The back bears a printed label of the “Società per le Belle Arti ed Esposizione Permanente” in Milan relating to the exhibition entitled Galileo Chini/mostra retrospettiva, with references to the work; provenance stamp from the Galleria Arco Farnese in Rome
Galileo Chini /mostra retrospettiva, Milan, Società per le Belle Arti ed Esposizione Permanente, January – February 1977
Catalogue of the Turandot, Teatro dell’Opera, Rome 1996, p. 76
This portrait of a young model depicted while executing a dance movement, drawn in all likelihood either during or immediately after the artist's time in Bangkok, plunges us directly into the exotic Orient.
It has a tangible connection – in the subject's features, in her facial gestures and even in her headgear – with a portrait of the Actress Mesù also painted by Galileo Chini and shown on several occasions. Thus it is perfectly plausible to suggest that the artist used the same model both for that painting and for this drawing. The drawing clearly reflects Chini's experience in Siam, a trip that was to mark a crucial moment in his artistic development.
Despite his consolidated reputation in Europe, Chini accepted an invitation from the King of Siam in 1911 to work on the Throne Room in the Royal Palace in Bangkok. His stay, which lasted for over two years, was to have a major impact on his career.

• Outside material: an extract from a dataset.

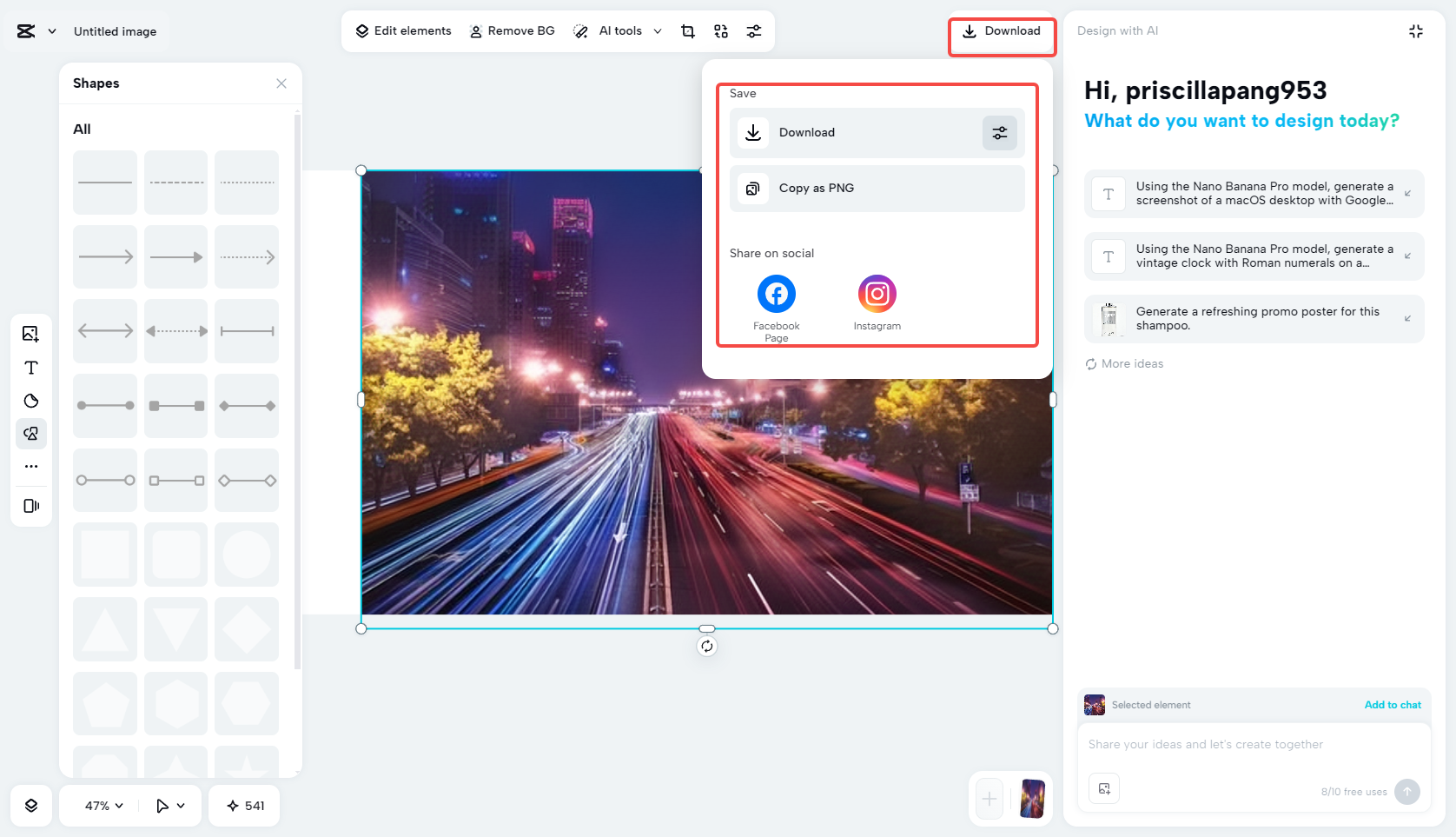 Export your slow shutter speed photo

On his return to Italy he produced the decorative panels for the 1914 Venice Biennale, where he combines an oriental richness of decoration with a preciousness redolent of Art Nouveau.
Thus this dancing girl is a marvellous synthesis of the expressive freedom typical of Galileo Chini, who interprets here the oriental happiness that he acquired in Siam, combining it with the influence of the Viennese Sezession.